By Jerome Gessaroli
June 9, 2022
Executive Summary
In Canada, corporate directors have the duty to act in the best interests of the company. This has, until relatively recently, been interpreted as to making decisions for the shareholders’ benefit – that is, wealth maximizing decisions. Yet some within academia, the legal community and advocacy groups have argued that this focus is too narrow. In addition, in two cases since 2000, the Supreme Court of Canada has stated that directors may also consider the needs of other groups when making decisions, explicitly mentioning “employers, consumers, creditors, governments, and the environment.”
In 2019 the federal government amended the Canadian Business Corporations Act and specifically itemized the groups that companies may consider when determining the corporation’s best interest. The amendments may appear innocuous. However, they show a push towards redefining a corporation’s purpose. The topic may be abstract, but its economic consequences are very real.
There are two competing perspectives vying to define a company’s primary purpose: is it to undertake commerce for the benefit of its shareholders – those that set up and finance the company with risk capital – or to conduct business to look after constituencies that have an interest or stake in the company (i.e., the stakeholders, as mentioned above)? In other words, should companies emphasize wealth distribution (the stakeholder) over wealth creation (the shareholder)?

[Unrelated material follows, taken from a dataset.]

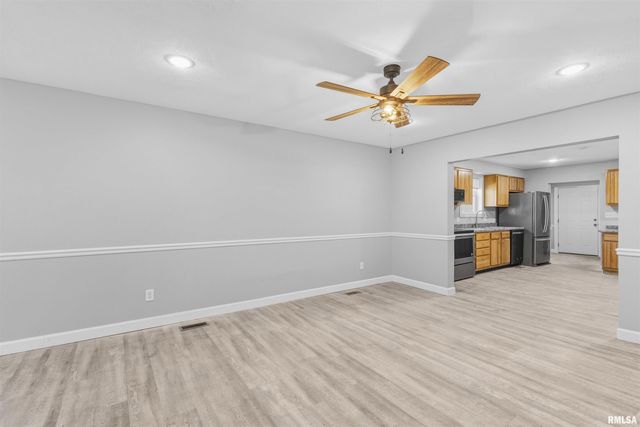 1220 N 14TH Street, Herrin, IL 62959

Some political leaders argue that companies should adopt a new corporate purpose that is more inclusive and sensitive to society’s concerns. They believe that the corporate governance model that corporations have used over the past 50 years is misguided, and that managers are forced to make short-term decisions to maximize the company’s share price. By focusing on shareholder wealth maximization, critics argue, corporate leaders are making myopic decisions that will hurt the company and its stakeholders in the long-run.
This argument disregards the reality that competition and voluntary contracting force businesses to cooperate with their stakeholders even if the company’s goal is to maximize shareholder wealth. Suppliers must receive a sufficient return or they will not deal with the company. Employees must receive competitive wages or they will leave for alternative employment. And customers will simply not buy a company’s product unless it is priced competitively, is of sufficient quality, and provides useful benefits.

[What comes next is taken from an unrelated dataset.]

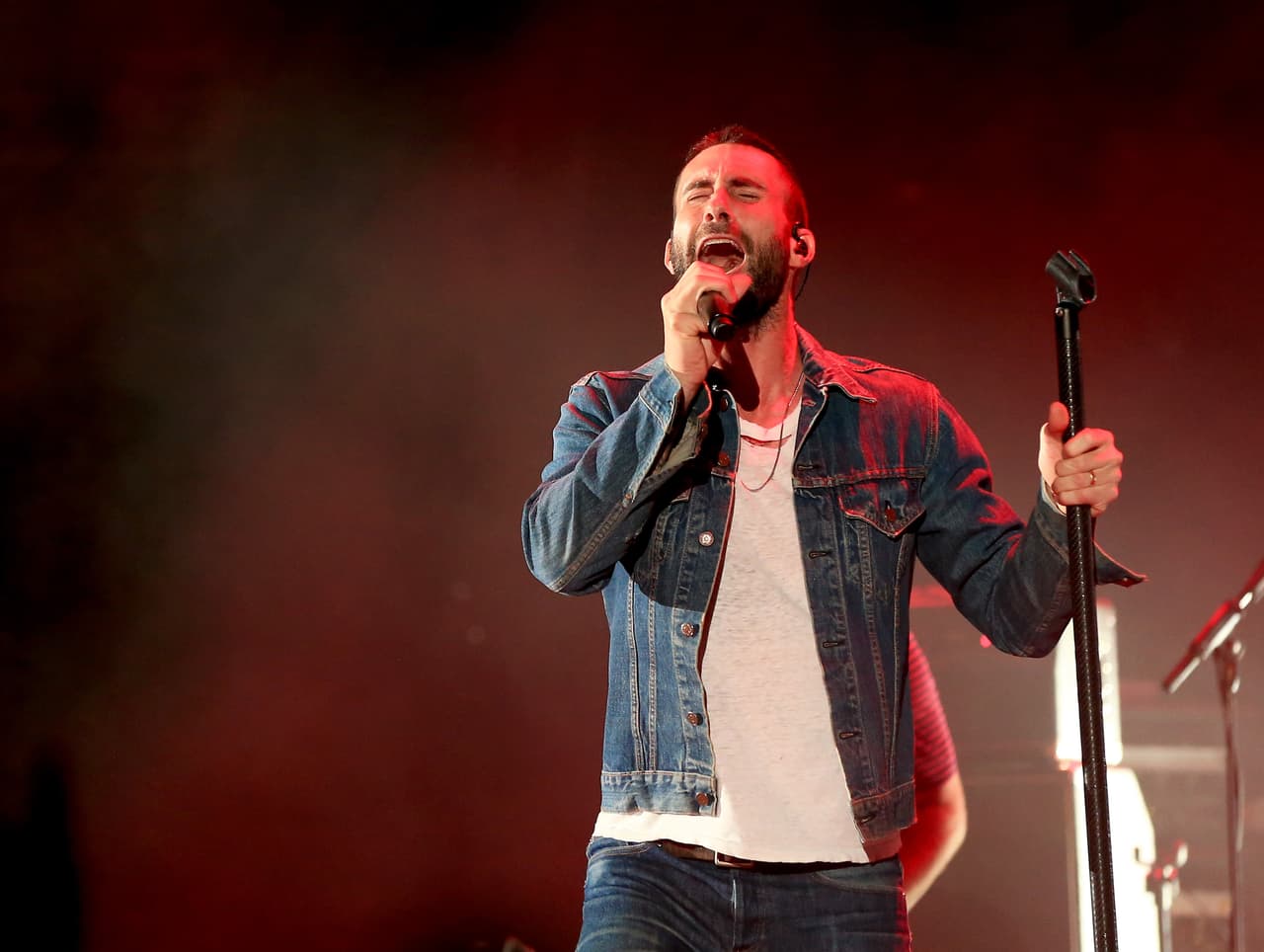 La voz de Adam es apenas uno de sus grandes talentos, pero sin duda, su barba es uno muy destacado.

There is no conclusive evidence of systematic short-termism. If a corporation’s purpose is to maximize its intrinsic value, by its very definition managers must make appropriate short-term and long-term decisions. And if managers treat stakeholders inadequately, it is not because of a flawed corporate purpose, but because of poor managerial decision-making.
Corporate purpose is the driver that meets society’s needs and wants by competing for human, financial, and natural resources and using them as productively as possible. There is strong evidence and history that shareholder primacy works and contributes to the greater good. Replacing shareholder primacy will abrogate the market discipline imperative that forces managers to act competitively and use corporate resources efficiently – the very elements that create wealth, GDP growth, and a flourishing society.